Every time an exercise page is opened, students will have a test area in the center, a Run tests button on the bottom right, and a Back button on the top left.

image

Back button: Takes students back to the home page Test area: Test Python code by interacting with the test area. Run tests button: Once students are ready to verify their code, they click on Run tests. It will light up green if the backend implementation is correct, and the exercise is completed. Otherwise students can retry as many times as they’d like.

Once students successfully complete an exercise, they can go back to the home page and start the next one whenever they’re ready.

image

Workshop implementation

If you are a workshop organizer and are trying to apply this starter code to your own event, you will need to create your own OpenAI resources and encrypt their keys into .env1.gpg files using the GPG command line tool. You will need to fork this repo and update the /env folder with your own encrypted .env files.

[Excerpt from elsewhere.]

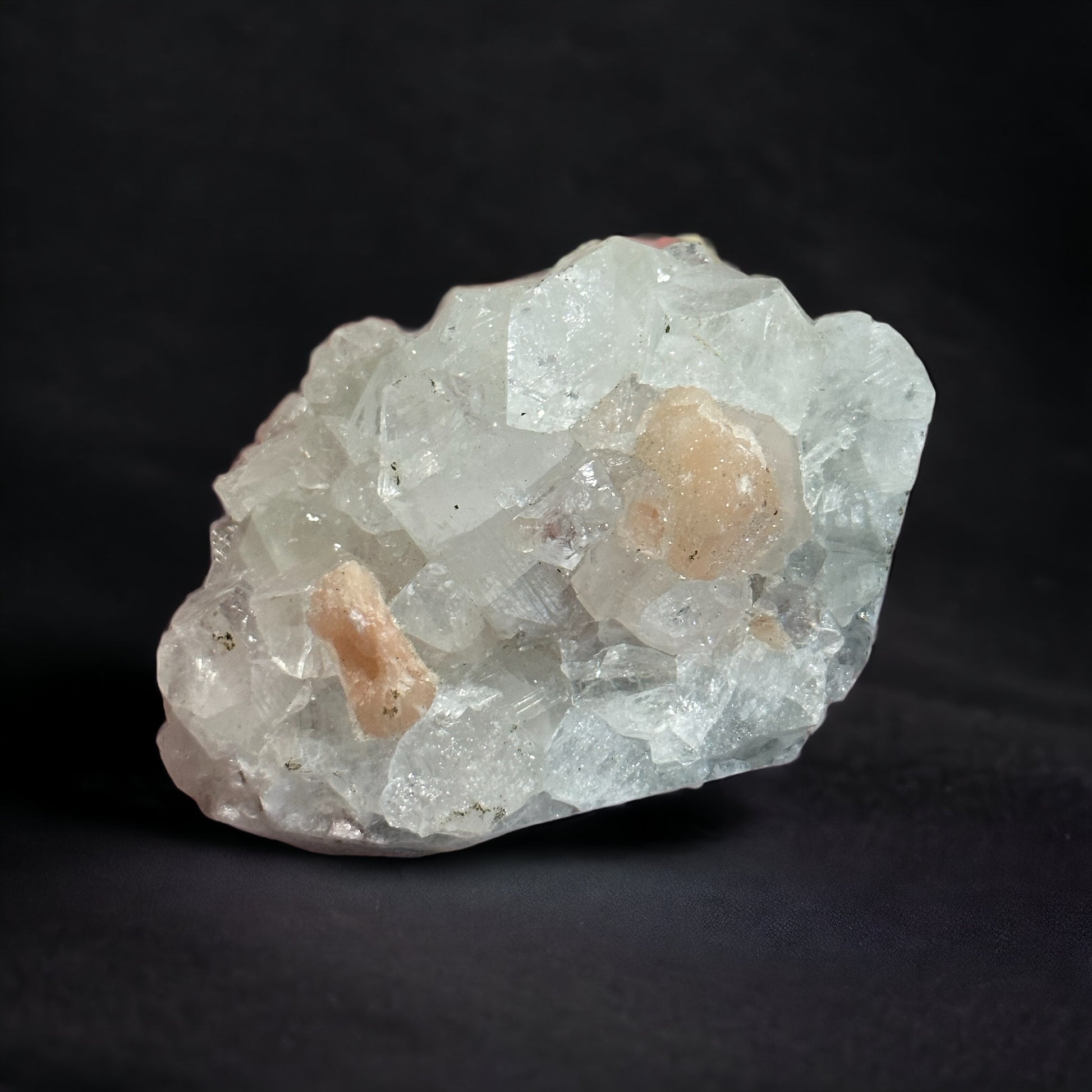 Apophylite with peach stilbite crystal cluster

The Python starter code expects three keys to be set:

  1. OPENAI_API_KEY: Your OpenAI API key
  2. OPENAI_API_BASE: The base URL for the OpenAI API
  3. OPENAI_API_TYPE (optional): The source of the OpenAI API (e.g. "Azure")

The following command will encrypt your .env file into a .env.gpg file. You will need to include the passphrase for your students as part of the startup commands in the setup manual (see setup-manual.pdf).

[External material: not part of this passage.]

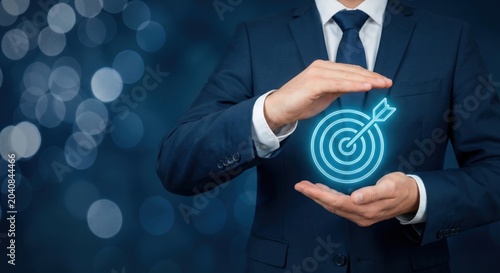 Businessman protecting a target icon, symbolizing goal achievement, strategic planning, business success, performance management, growth objectives and corporate leadership. Copy space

gpg --output .env${N}.gpg --cipher-algo AES256 --symmetric .env

If there are many students in your workshop, it is highly recommended to use multiple OpenAI endpoints to avoid rate limiting. You can do this by:

  1. On Azure: creating multiple Azure OpenAI resources across multiple Azure subscriptions, regions, and model deployments. The /azure-deploy folder has a shell script and Bicep template for automating this.
  2. On OpenAI: creating multiple OpenAI accounts, or by creating multiple organizations within the same account.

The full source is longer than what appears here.